We’ve talked about doing a “cabin post,” but I have trouble trimming that down to a manageable length. And I’ve thought I should do one on adoption—but that’s another topic that I could go on about for days. When I can come up with “that one key idea,” I’ll be ready to tackle those topics. Otherwise, I’m just curious to see what unfolds in 2014. I’m sure there will be no shortage of material. 🙂

Stormy learns the importance of going with the flow

Born to take the helm
Born to take the helm

The Summer of 2013 will hereafter be known in our household as The Summer Stormy Got Her Boat. KitKat and I live in the Land of 10,000 Lakes, and it’s part of the local culture to have a cabin and a boat. I grew up with this reality. My parents bought their first cabin when I was very small and bought another one when I was a teenager.

On the other hand, my husband—despite being a native Minnesotan—was raised like an Iowa Farm Boy. He never wore shorts as a kid. And if he or his siblings serendipitously found themselves near a lake, they were allowed to roll up their pant legs and wade along the shore, but that was the extent of any beach activity.
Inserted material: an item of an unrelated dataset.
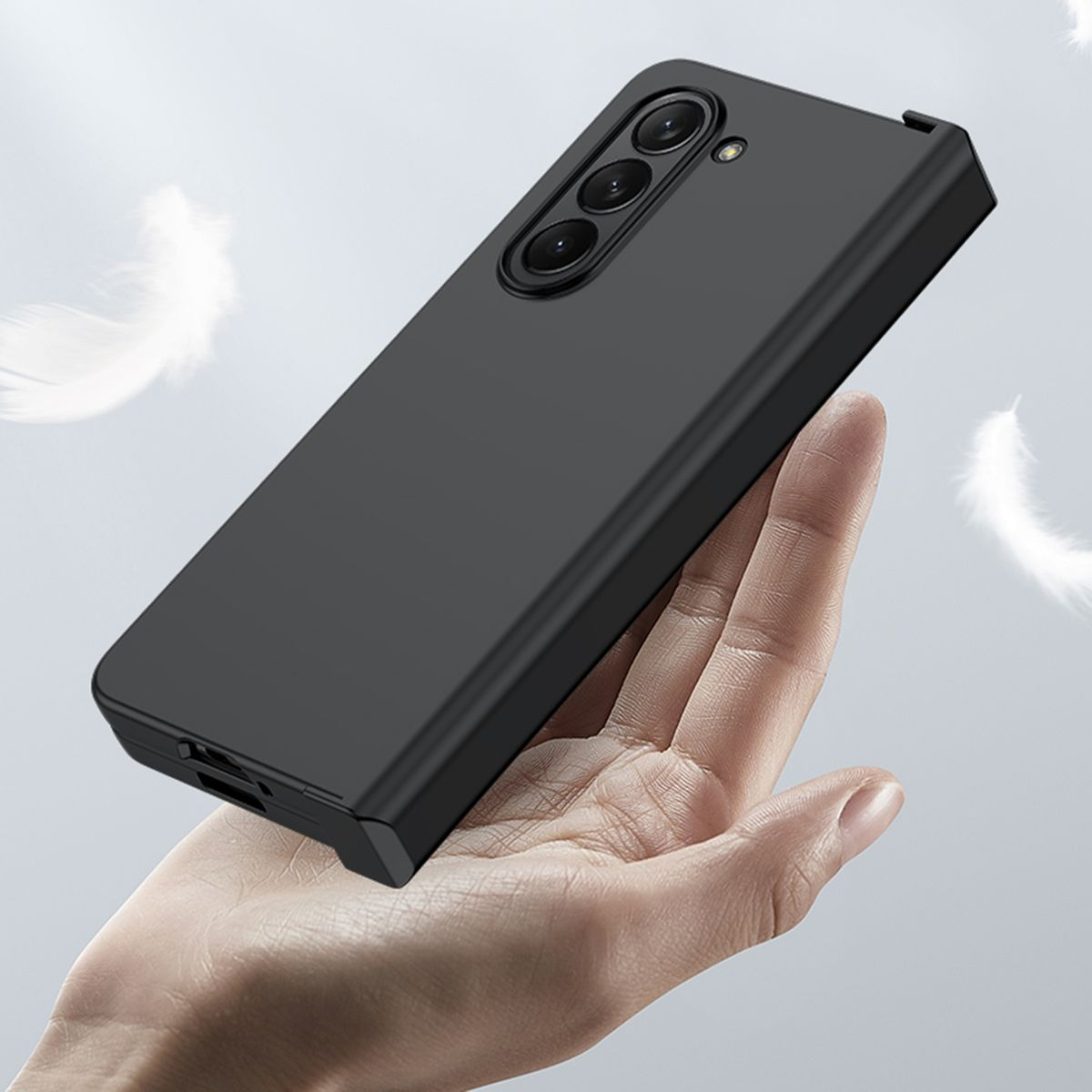Eine schwarze Handyhülle mit einem Telefon darin. Federn sind im Hintergrund. Text: Präzise Lochposition.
Fast forward to 2008, when we purchased our own “cabin” (that’s a topic for another post) in a beautiful river town.

Our getaway destination

Surely a boat was in my future.

With active teenagers, I knew we’d never have enough time on the water to justify a boat, so we settled for renting a pontoon a couple of times each summer. But this spring, as we were gearing up for our youngest child’s graduation from high school, I got a bad case of boat fever.

Stormy finds her soulmate
Stormy finds her soulmate

My ever-tolerant husband accepted that the metaphorical vessel was leaving the dock, and he had no choice but to climb aboard…and so he did. I researched options with other watercraft owners and sifted through a boatload of advice. A friend helped me narrow my choices and I spent Mother’s Day weekend checking out local used boats for sale—after three days of intense shopping, we found it in a showroom an hour north: A used deckboat in great condition with a 250 hp motor.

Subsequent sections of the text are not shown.